La société Recma soutient encore que le paiement de la garantie la placera en état de cessation des paiements et est constitutif d’un péril imminent.
Mais, celui-ci, dont l’existence n’est pas avérée, alors au surplus que le paiement de la garantie est intervenu ainsi que l’indique, sans être contredit, le CIC, est sans incidence sur l’exécution de l’obligation de la banque, qui, en l’absence d’abus ou de fraude manifeste, seules conditions pouvant y faire obstacle, ne se heurte à aucune contestation sérieuse au sens de l’article 873, alinéa 2, du code de procédure civile.
En outre, l’exécution par la banque de son engagement contractuel n’est pas en soi de nature à causer un dommage imminent, la cour rappelant qu’en fournissant la garantie autonome à première demande, telle que prévue par le contrat de base, la société Recma n’ignorait pas les conséquences de celle-ci et n’est pas fondée, au regard des motifs qui précèdent, à s’opposer à sa mise en oeuvre.
L’ordonnance entreprise sera donc confirmée de ce chef.
Sur la demande en paiement de la société Recma
Soutenant que la société Richelmi s’est engagée de manière ferme et définitive à lui payer la somme de 209.380 euros au titre du solde du marché après sa résiliation, la société Recma sollicite la condamnation de la société intimée au paiement de celle-ci par provision.
La société Recma se fonde sur le mail du 7 juillet 2024 que lui a adressé la société Richelmi dans lequel celle-ci a formulé « une proposition ferme et définitive » de lui régler la somme de 209.380 euros payable selon les conditions suivantes :
— 69.380 euros à la signature du protocole de résiliation,
— 70.000 euros à la réception des quantités manquantes,
— 70.000 euros à la fin du transfert du stock du hangar de la société Recma du Var au hangar de la société Richelmi de [Localité 7].
Ce mail précisait que l’accord de la société Recma était attendu pour préparer les documents et finaliser la transaction.
Par mail en réponse du 11 juillet 2024, la société Recma indiquait accepter cette proposition « sous la contrainte financière » mais, demandait un paiement de la somme proposée de 209.380 euros à hauteur de 50% à la signature et le solde à la fin du transfert de ses carreaux au dépôt de [Localité 7].
Or, si la somme a été acceptée dans son quantum, il n’est justifié d’aucun accord sur ses modalités de paiement, la société Recma ayant formulé une contre-proposition.
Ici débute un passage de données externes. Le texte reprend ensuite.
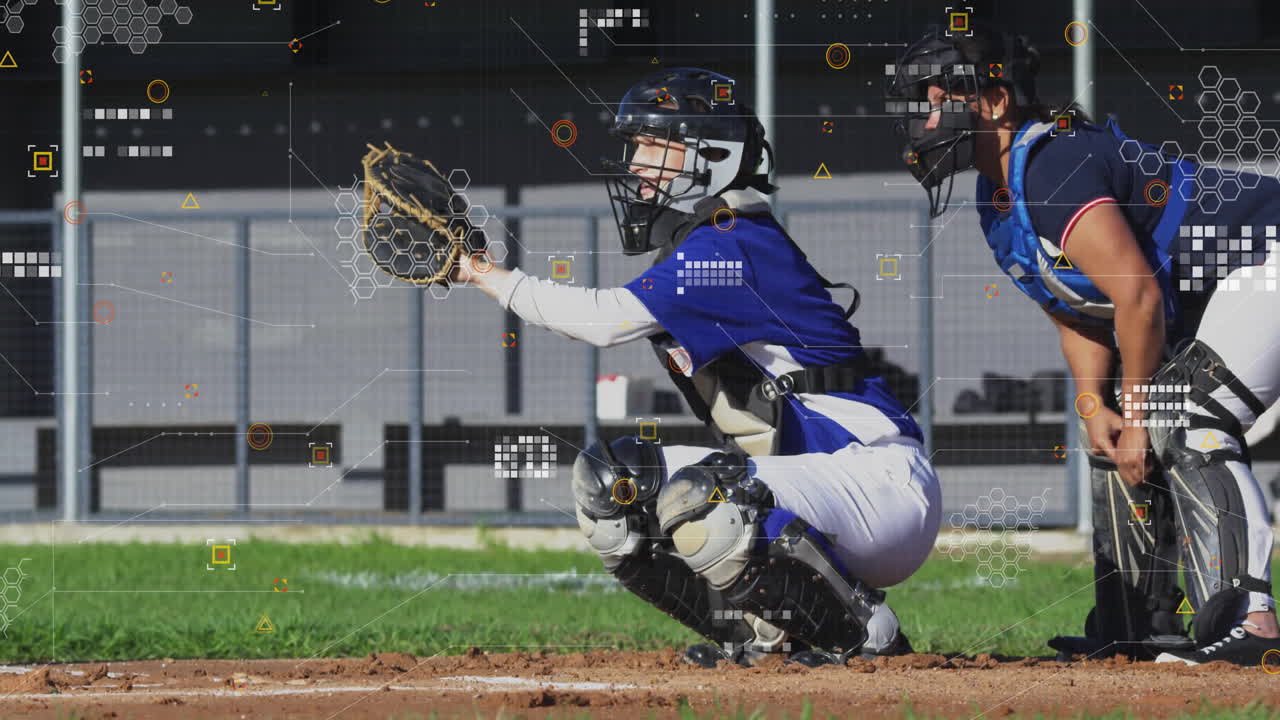 Female catcher and umpire crouching behind home plate on baseball field with mitt mask and fence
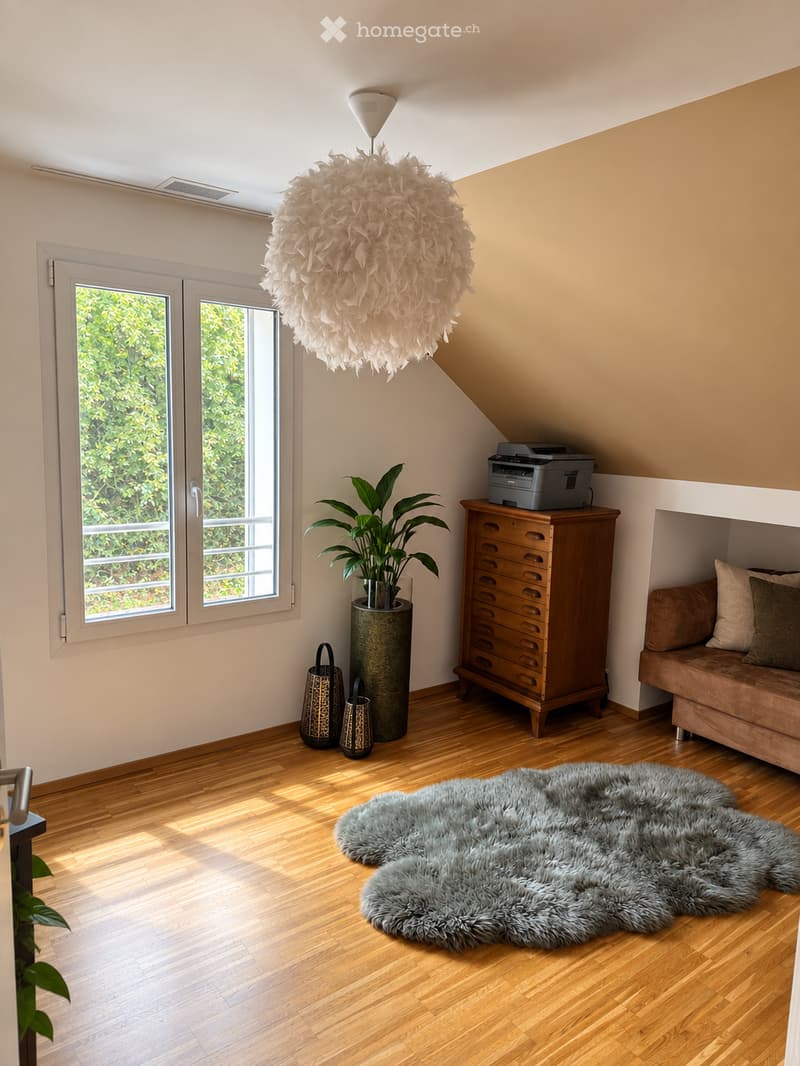 A cozy living room with wooden flooring, a large fluffy white hanging light fixture, a brown sofa with pillows, a wooden cabinet with drawers, a printer on top, a large furry rug, a tall potted plant, and decorative vases near the window.
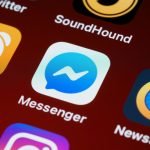 A detailed view of a smartphone screen displaying various app icons including Messenger and SoundHound. — Accelerate Your Soc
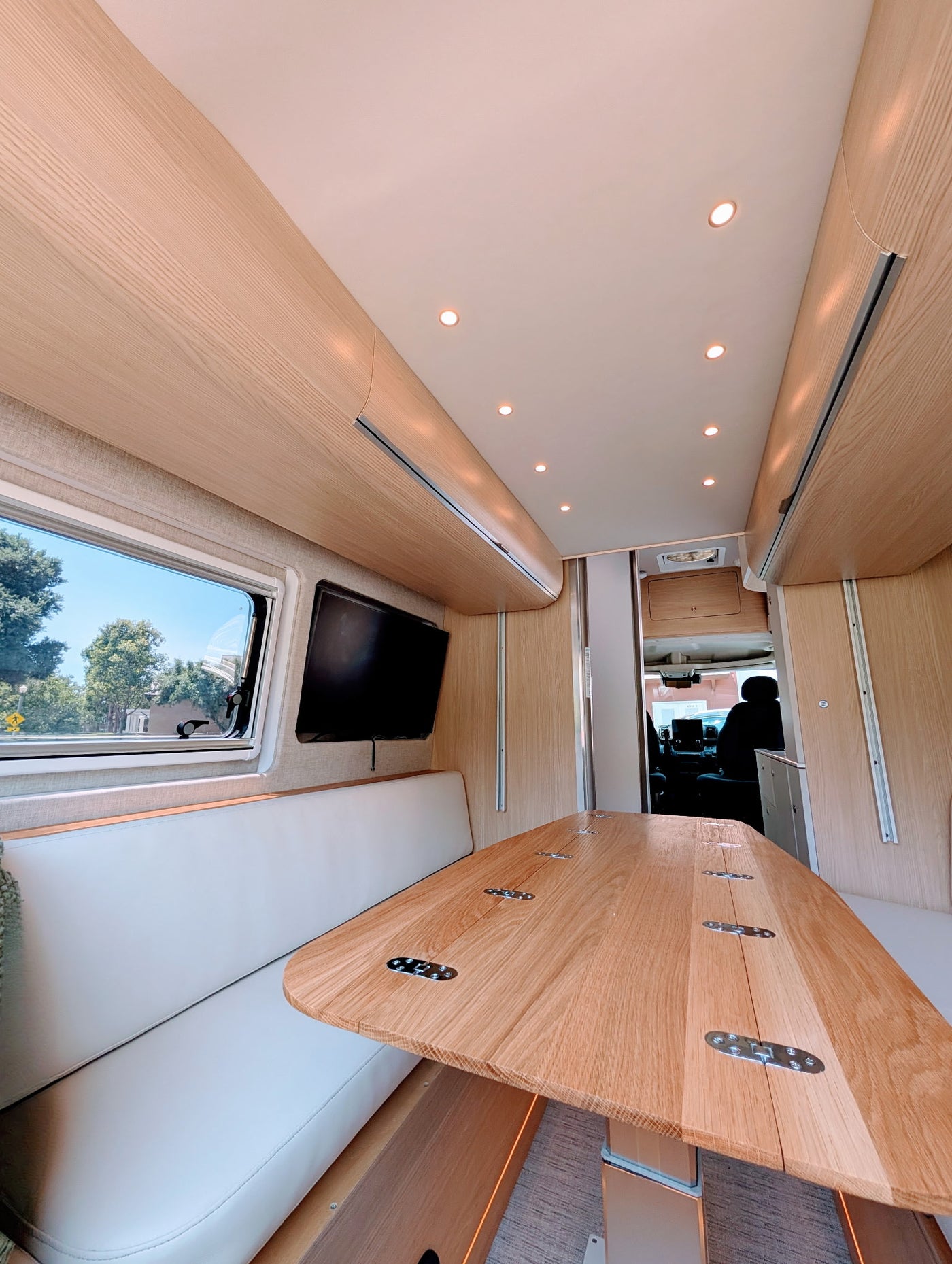 Bright, modern rv rental interior with a light wood dinette table, comfy white seating, TV, and recessed ceiling lights. — photo 4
Par ailleurs, il n’est pas justifié de la signature d’un protocole de résiliation et il est admis par la société Recma que la condition relative aux quantités manquantes n’a pu être exécutée.
Dans ces conditions, la demande en paiement de la société Recma se heurte à une contestation sérieuse. L’ordonnance entreprise sera donc confirmée de ce chef.
Sur les dépens et les frais irrépétibles
Le sort des dépens de première instance et l’application de l’article 700 du code de procédure civile ont été exactement appréciés par le premier juge.
Succombant en ses prétentions, la société Recma supportera les dépens d’appel et sera condamnée à payer, à la société Richelmi et au CIC, contraints d’exposer des frais irrépétibles pour assurer leur défense devant la cour, une indemnité à ce titre ainsi qu’il sera précisé au dispositif.
PAR CES MOTIFS
Confirme l’ordonnance en toutes ses dispositions dont il a été relevé appel ;
Condamne la société Recma aux dépens d’appel avec faculté de recouvrement direct au bénéfice de la société Recamier avocats associés représentée par Maître [F] et à payer à chacune des sociétés Richelmi et Crédit Industriel et Commercial la somme de 3.000 euros sur le fondement de l’article 700 du code de procédure civile.